But really it was only honest male sweat. Ruiz goes 6-2, 220 lbs. now, a medium heavyweight, down from his usual 230 to 235, so that he'd be able to keep after the quick and mobile Roy Jones, Jr., the lightheavyweight (175 lbs.) champion from up in Pensacola. Two weeks before their "historic battle" at the Thomas & Mack Center in Las Vegas last Saturday (March 1), Ruiz had hit his lightest competitive poundage ever. So he was happy, snuffling at the sea air -- snuh-uh, snuh-uh -- pounding by on a two-beat rhythm, pleased to be training in Miami again, scene of his earlier Mohawked terror fights, where he would blast guys out of the ring with awkward combinations and fuel-injected lefts . . . well, let's say no more about the chemistry of MIAB. That's why Alton Merkerson, Ruiz's trainer, and Don King, his promoter, moved Johnny up to Chelsea, Mass., where you can breathe the ocean air, too, but without all the pricey stimulants . . .

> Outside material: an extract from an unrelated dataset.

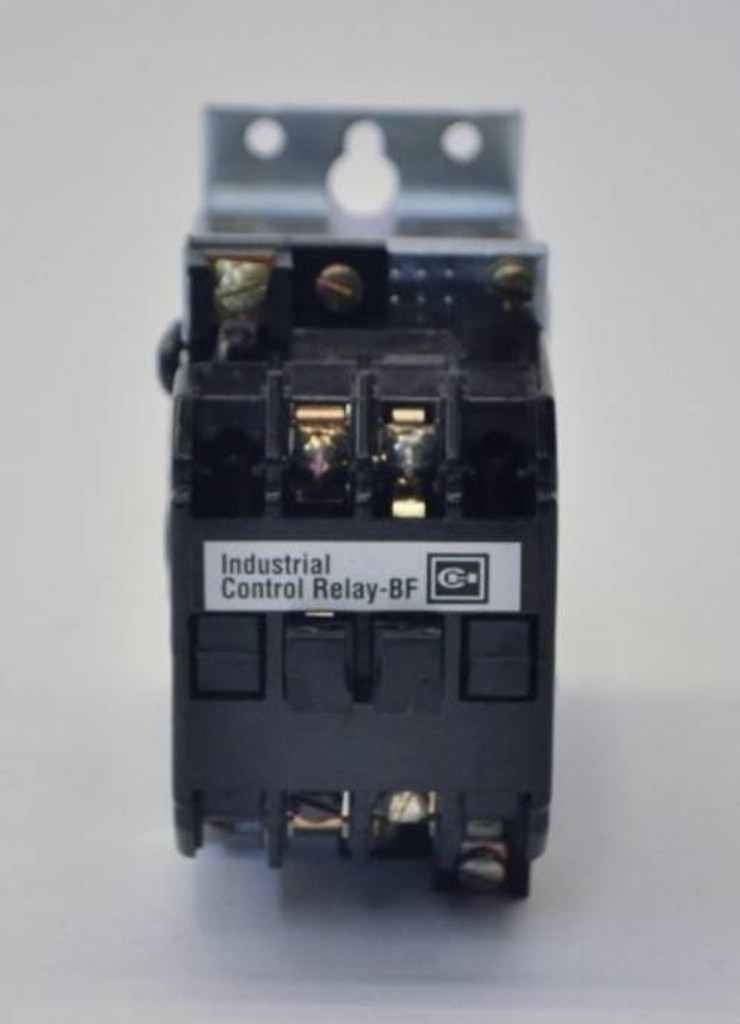 New Cutler Hammer BFD11T 10A 250V Control Relay 1 NO 1 NC 240VDC Coil NIB (YY2540-1)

Don King was there, in his jumpstart haircut: "Ruiz will knock Roy Jones cold! He look like a movie star! He healthy! Don't matter what the odds imply [the Vegas line was 5-3, Jones], Johnny's time is nigh!" Then King quoted (and misquoted) Jesus, Lord Acton, Karl Marx, John Wayne, and George W. Bush: "If Roy Jones, Jr. refuse to disarm, Johnny Ruiz will disarm Roy Jones, Jr!"

The crowd laughed and clapped, and Johnny, still running windsprints but so deeply concentrated that he thought they were applauding him, rumbled like a mountain dislodging some boulders up near the snow line: "Tanks!" he said. "I'll get um!"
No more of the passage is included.